- _Goal of the exercise_:
Write out again the lines from the line with "Milanesa de Res" up to and including the line with "2022 Panini Prizm", exactly as they stand below, and skip any picture.

- _Source material_:
****************
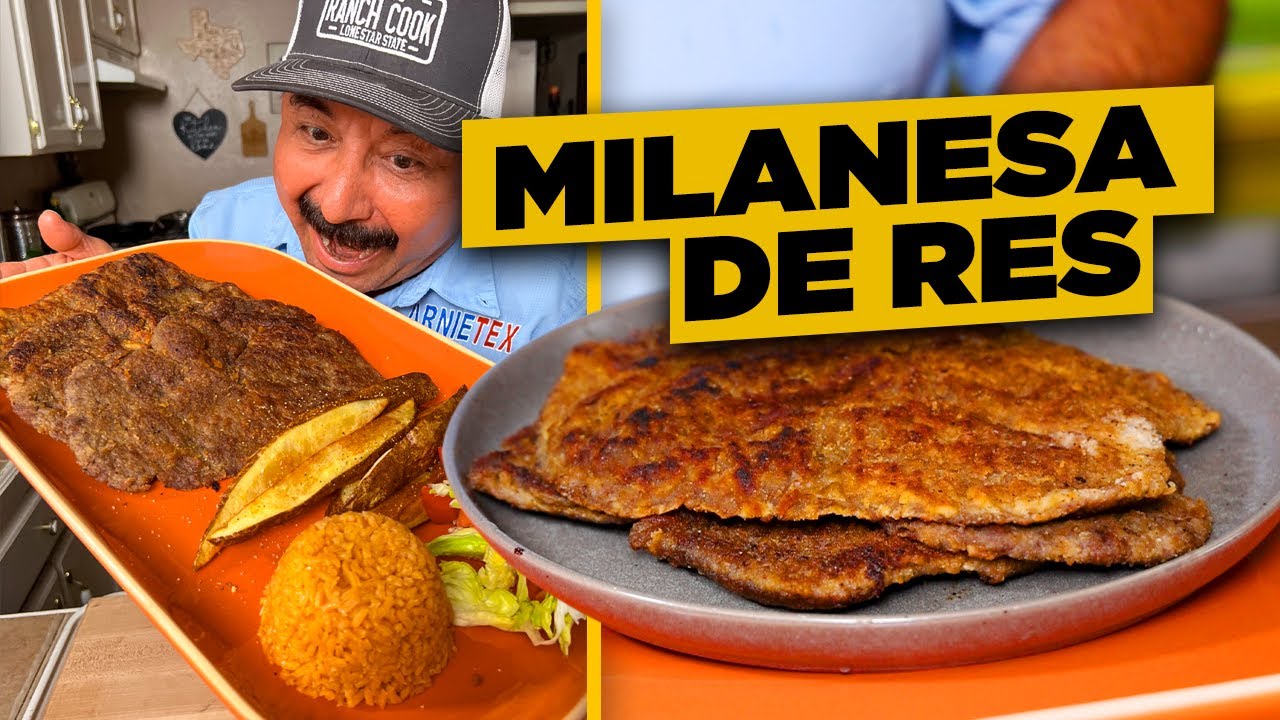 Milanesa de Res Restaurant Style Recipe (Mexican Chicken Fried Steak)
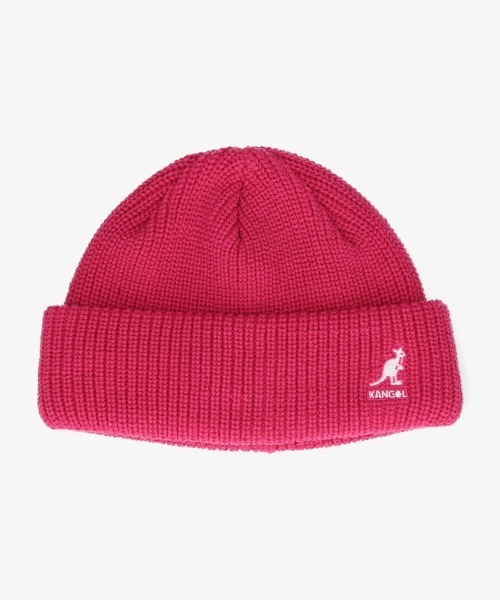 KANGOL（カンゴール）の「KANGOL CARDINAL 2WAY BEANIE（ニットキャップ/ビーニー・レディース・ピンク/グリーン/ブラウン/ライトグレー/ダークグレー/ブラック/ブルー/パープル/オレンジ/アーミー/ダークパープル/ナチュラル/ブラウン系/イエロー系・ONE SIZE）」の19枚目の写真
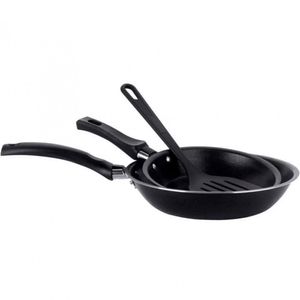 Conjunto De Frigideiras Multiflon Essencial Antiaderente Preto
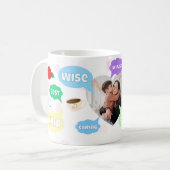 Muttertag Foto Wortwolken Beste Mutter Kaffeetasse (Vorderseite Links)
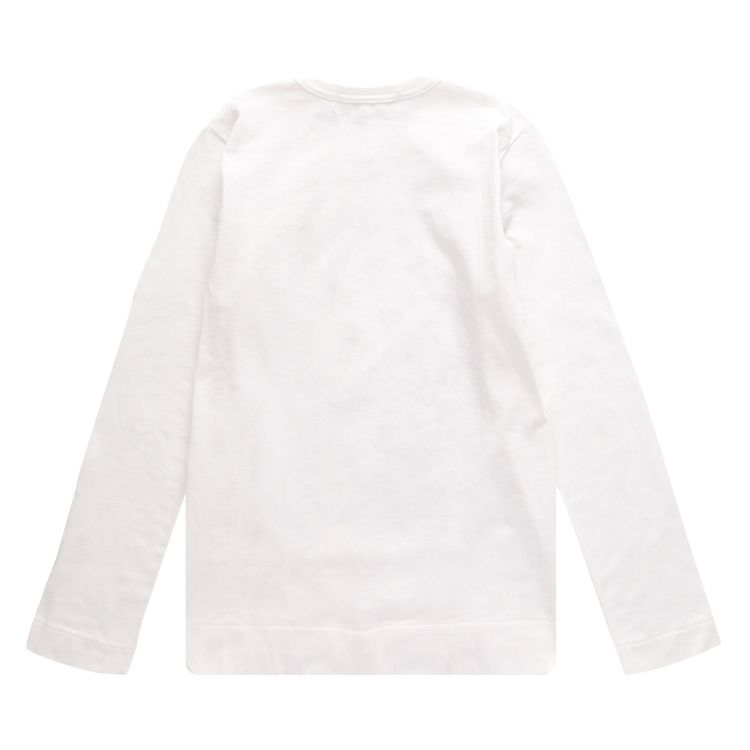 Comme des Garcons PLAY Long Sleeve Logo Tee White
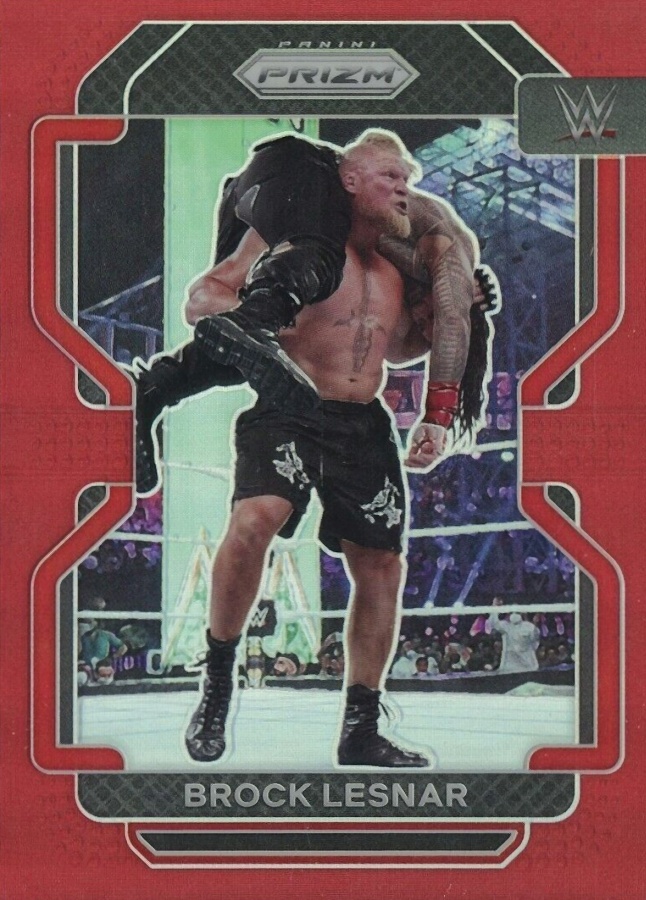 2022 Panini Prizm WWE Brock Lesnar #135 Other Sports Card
****************
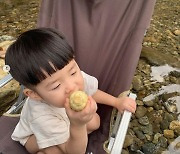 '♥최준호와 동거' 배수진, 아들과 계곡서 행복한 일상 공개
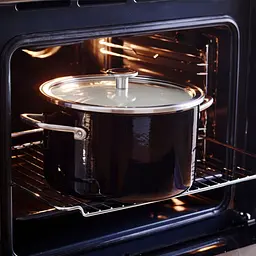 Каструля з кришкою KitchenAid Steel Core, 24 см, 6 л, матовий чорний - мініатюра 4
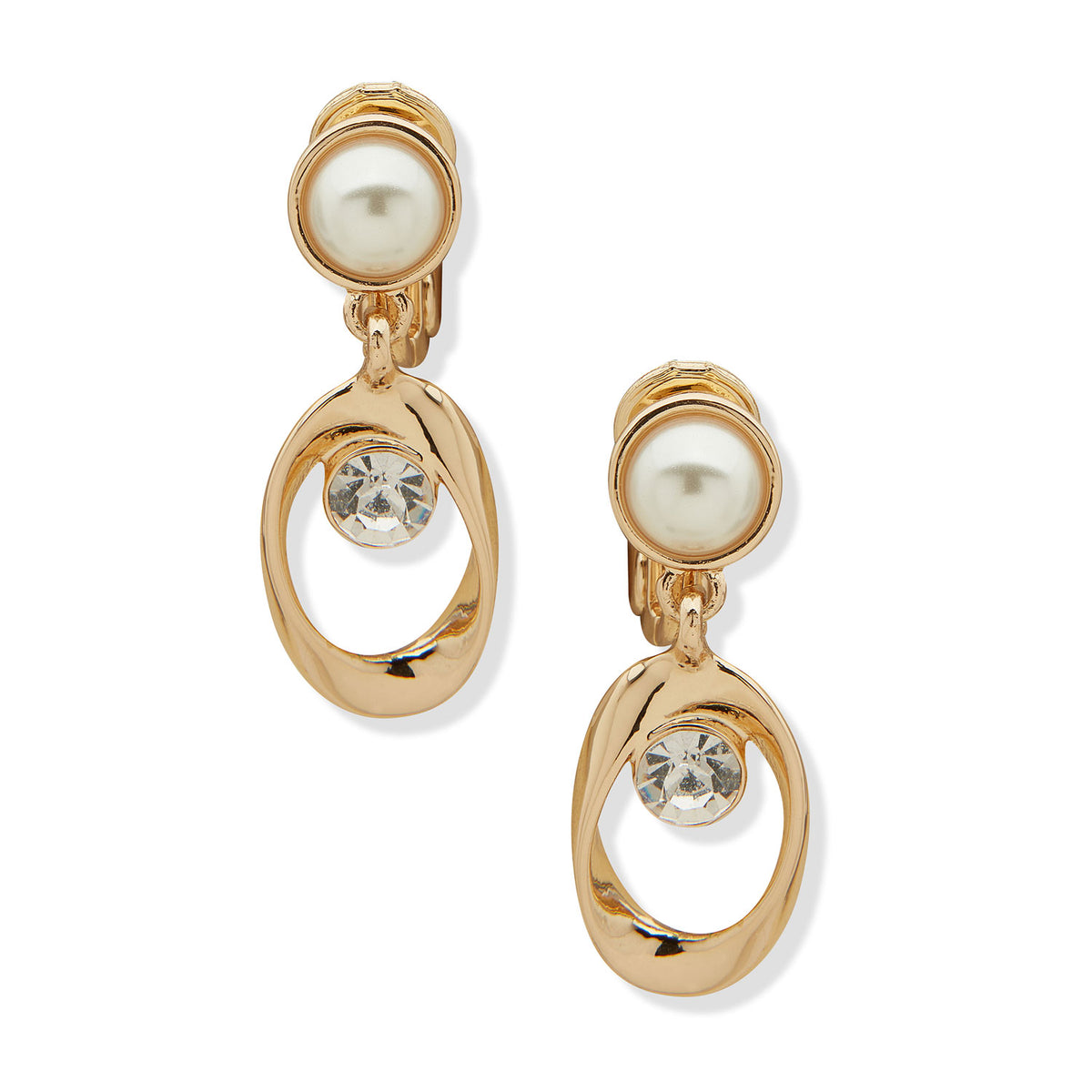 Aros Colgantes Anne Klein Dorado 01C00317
****************
- _Result below_:
 Milanesa de Res Restaurant Style Recipe (Mexican Chicken Fried Steak)
 KANGOL（カンゴール）の「KANGOL CARDINAL 2WAY BEANIE（ニットキャップ/ビーニー・レディース・ピンク/グリーン/ブラウン/ライトグレー/ダークグレー/ブラック/ブルー/パープル/オレンジ/アーミー/ダークパープル/ナチュラル/ブラウン系/イエロー系・ONE SIZE）」の19枚目の写真
 Conjunto De Frigideiras Multiflon Essencial Antiaderente Preto
 Muttertag Foto Wortwolken Beste Mutter Kaffeetasse (Vorderseite Links)
 Comme des Garcons PLAY Long Sleeve Logo Tee White
 2022 Panini Prizm WWE Brock Lesnar #135 Other Sports Card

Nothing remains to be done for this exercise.